Source records:
>>>>

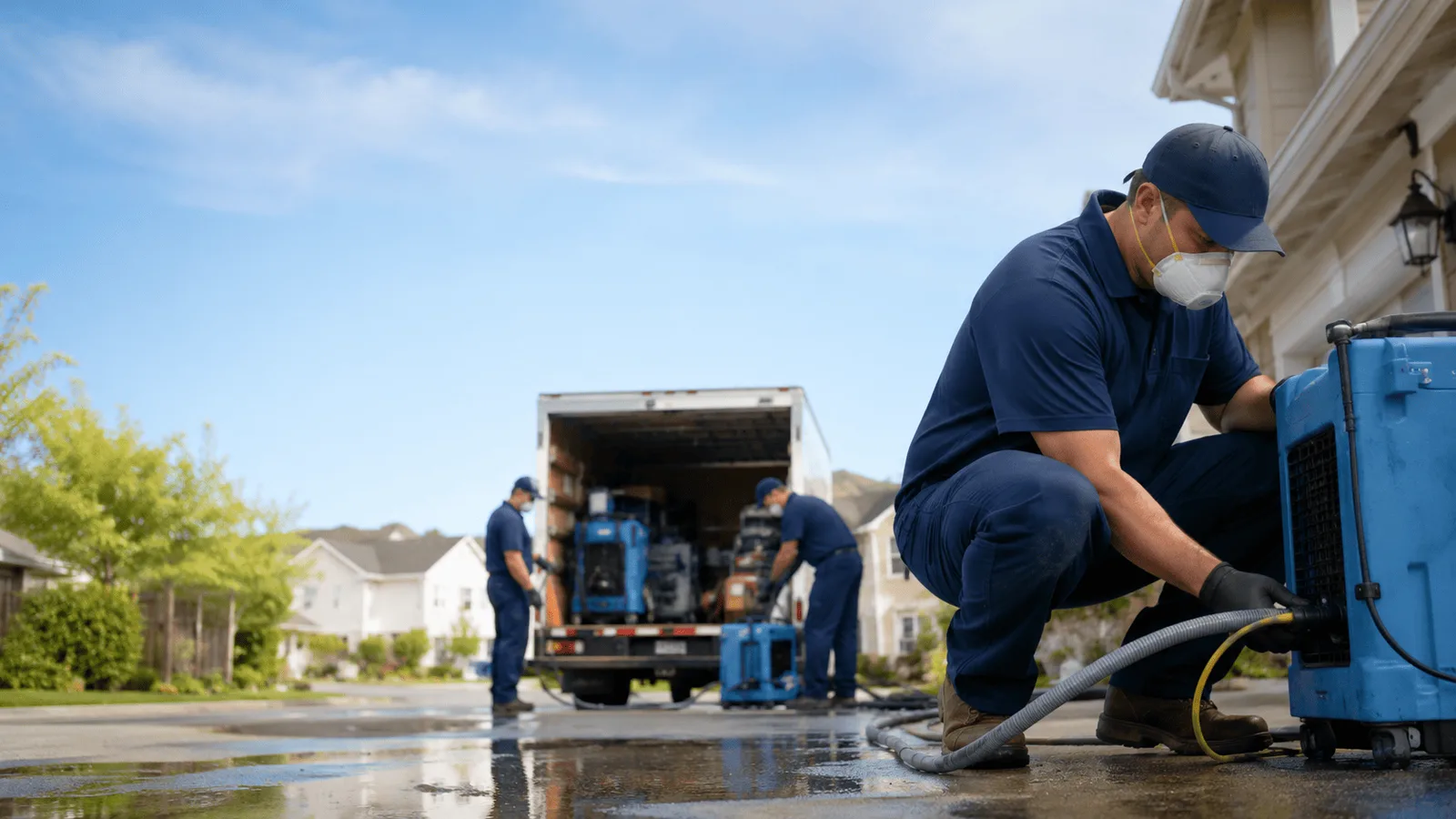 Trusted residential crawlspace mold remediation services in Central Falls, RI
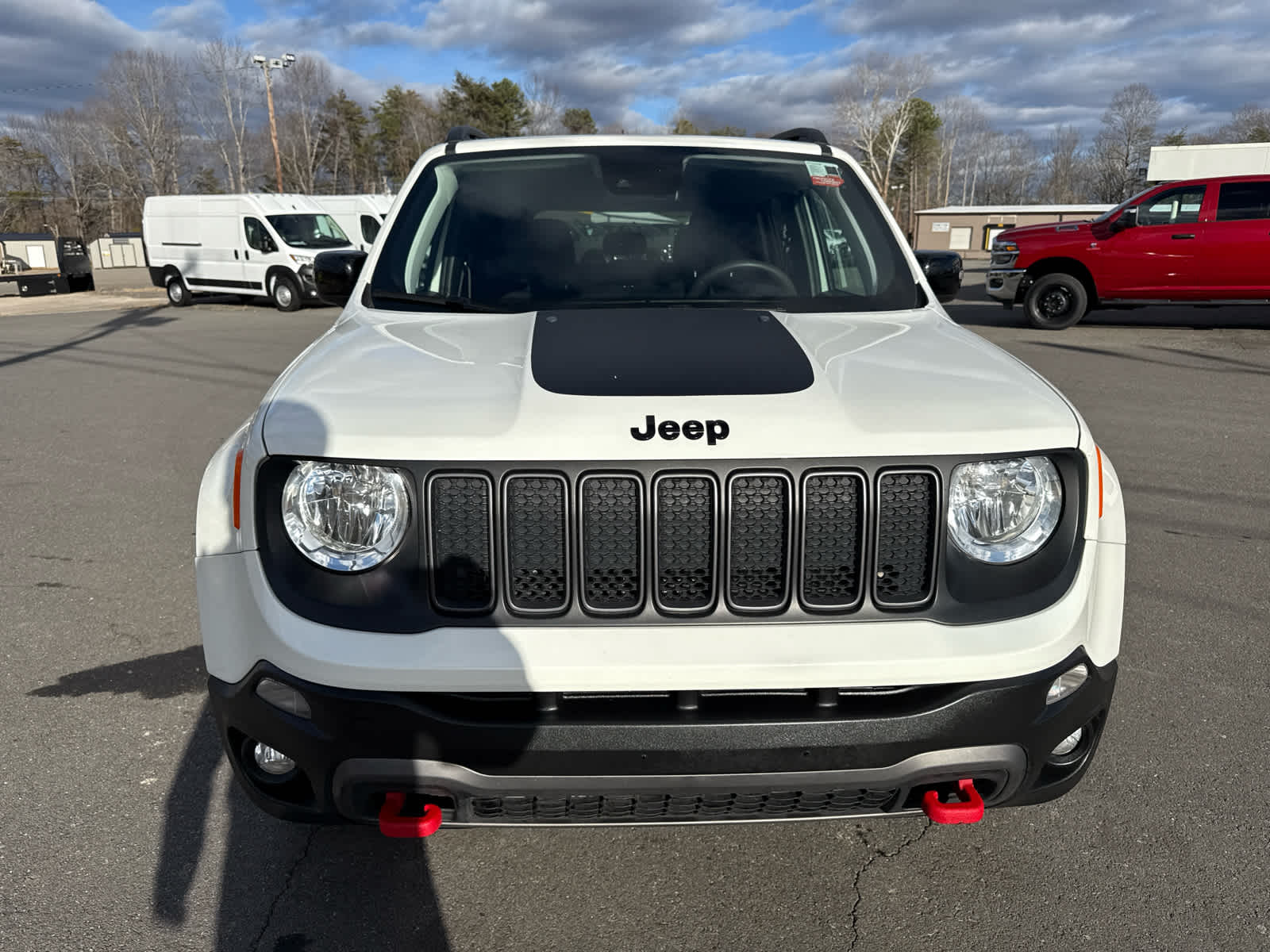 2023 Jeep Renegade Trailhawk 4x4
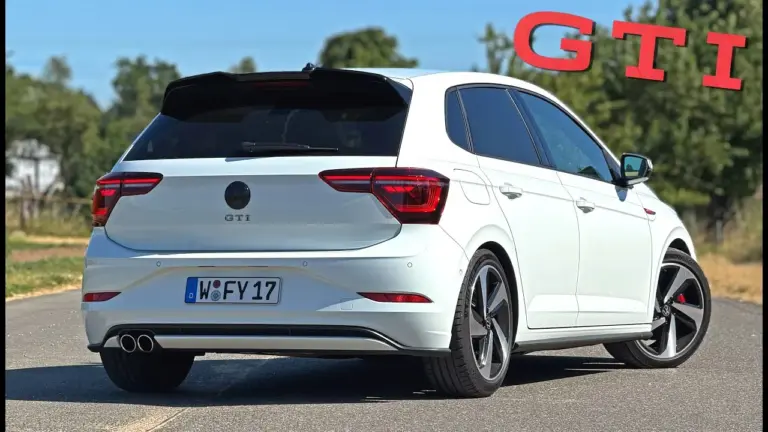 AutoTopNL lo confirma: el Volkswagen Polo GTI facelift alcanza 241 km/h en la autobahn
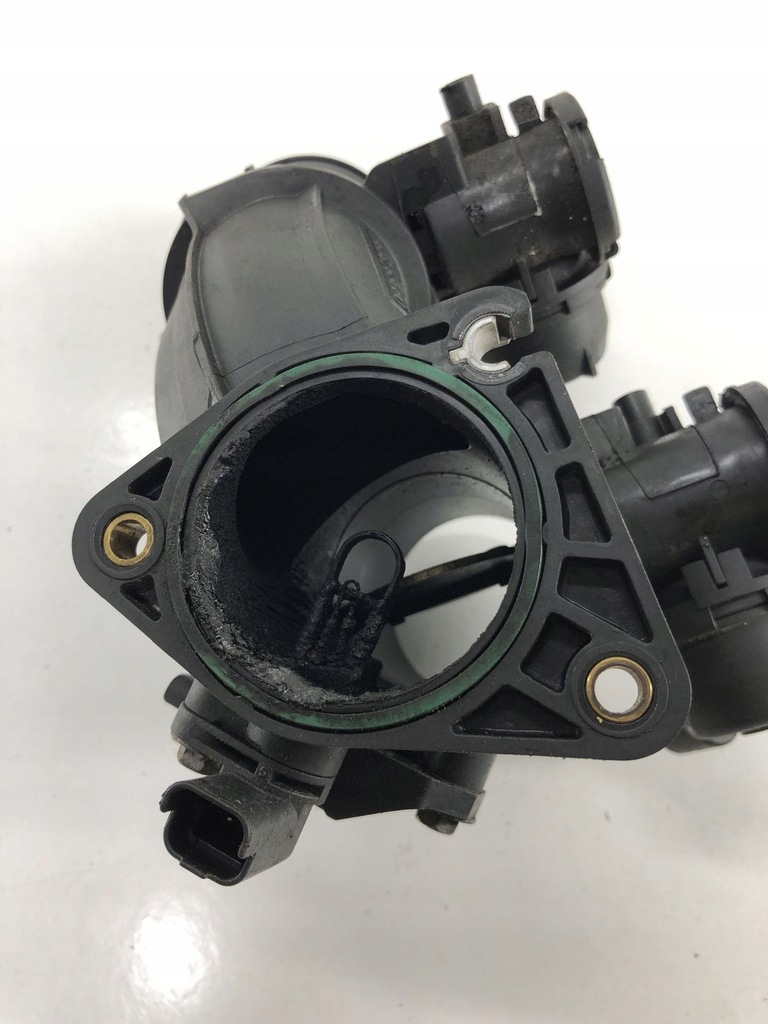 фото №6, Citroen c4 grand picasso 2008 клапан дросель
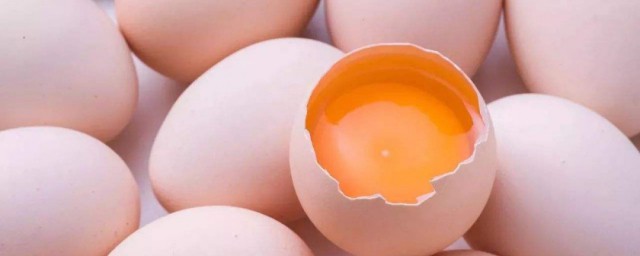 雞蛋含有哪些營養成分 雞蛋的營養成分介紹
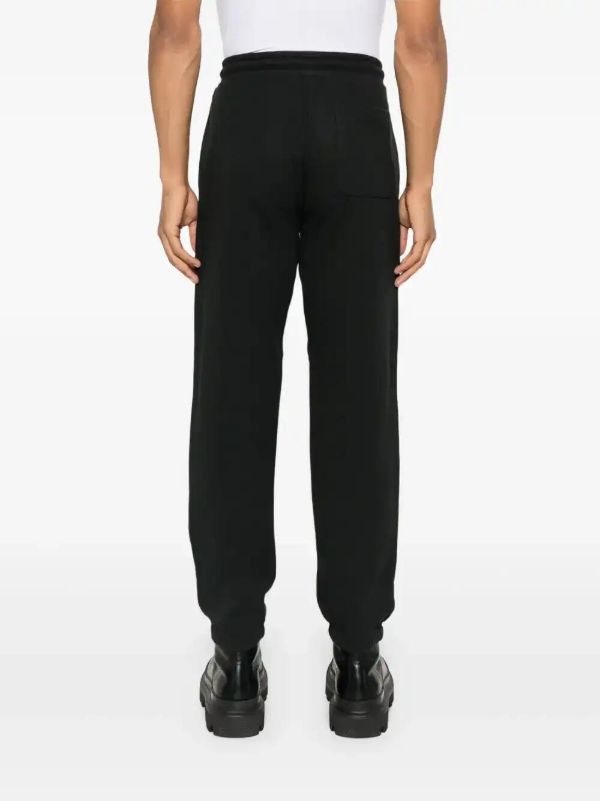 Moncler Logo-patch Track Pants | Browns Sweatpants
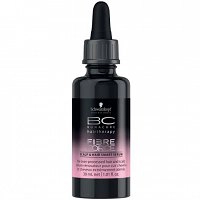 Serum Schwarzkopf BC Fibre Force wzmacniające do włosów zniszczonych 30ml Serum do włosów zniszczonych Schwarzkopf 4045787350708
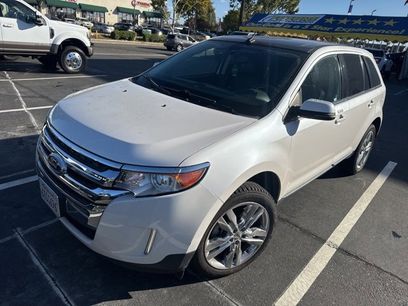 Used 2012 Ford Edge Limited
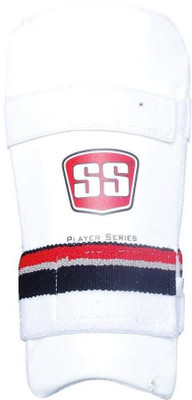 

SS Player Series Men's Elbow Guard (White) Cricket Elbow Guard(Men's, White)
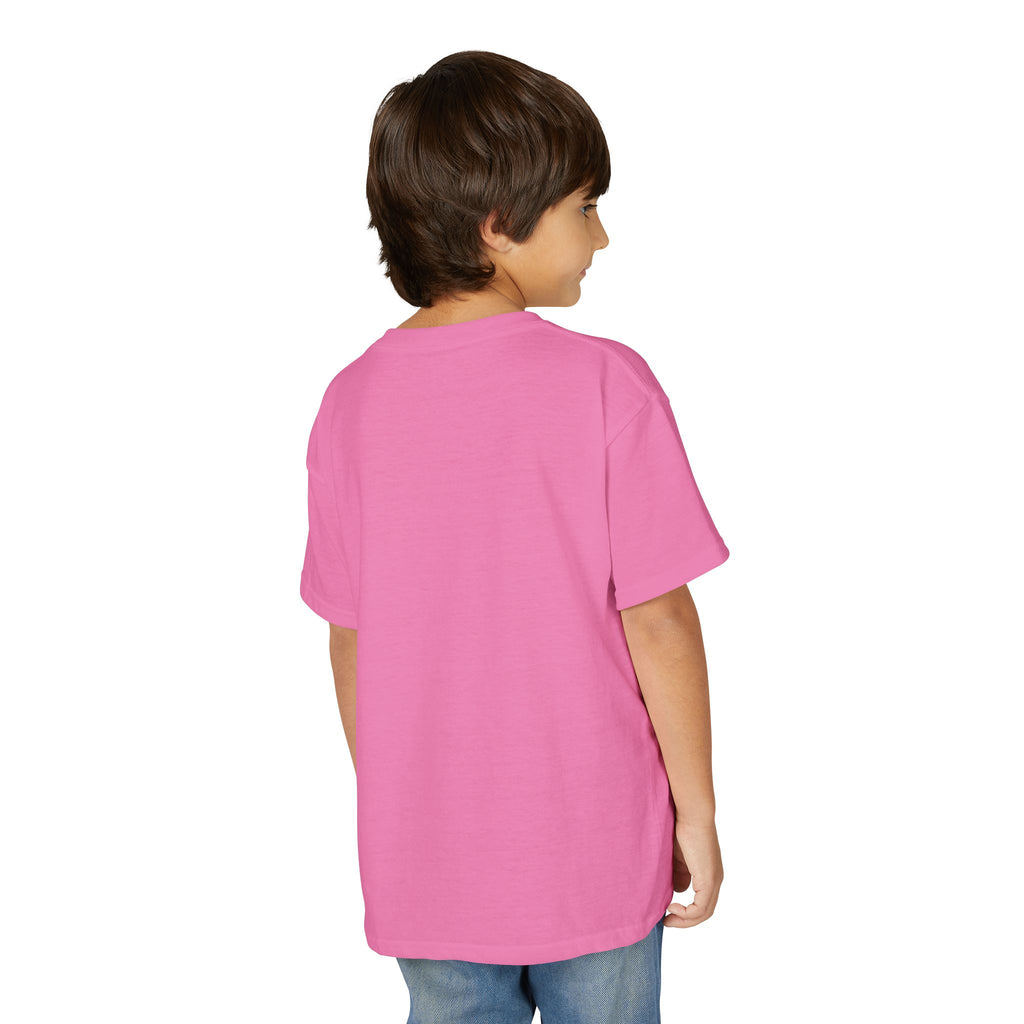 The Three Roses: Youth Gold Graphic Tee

<<<<

● WHAT TO DO
From the line that contains "雞蛋含有哪些營養成分 雞蛋的營養成分介紹" to the last line of the records above, copy each line exactly, both ends included, and leave the pictures out.

● COMPLETED EXERCISE
 雞蛋含有哪些營養成分 雞蛋的營養成分介紹
 Moncler Logo-patch Track Pants | Browns Sweatpants
 Serum Schwarzkopf BC Fibre Force wzmacniające do włosów zniszczonych 30ml Serum do włosów zniszczonych Schwarzkopf 4045787350708
 Used 2012 Ford Edge Limited

SS Player Series Men's Elbow Guard (White) Cricket Elbow Guard(Men's, White)
 The Three Roses: Youth Gold Graphic Tee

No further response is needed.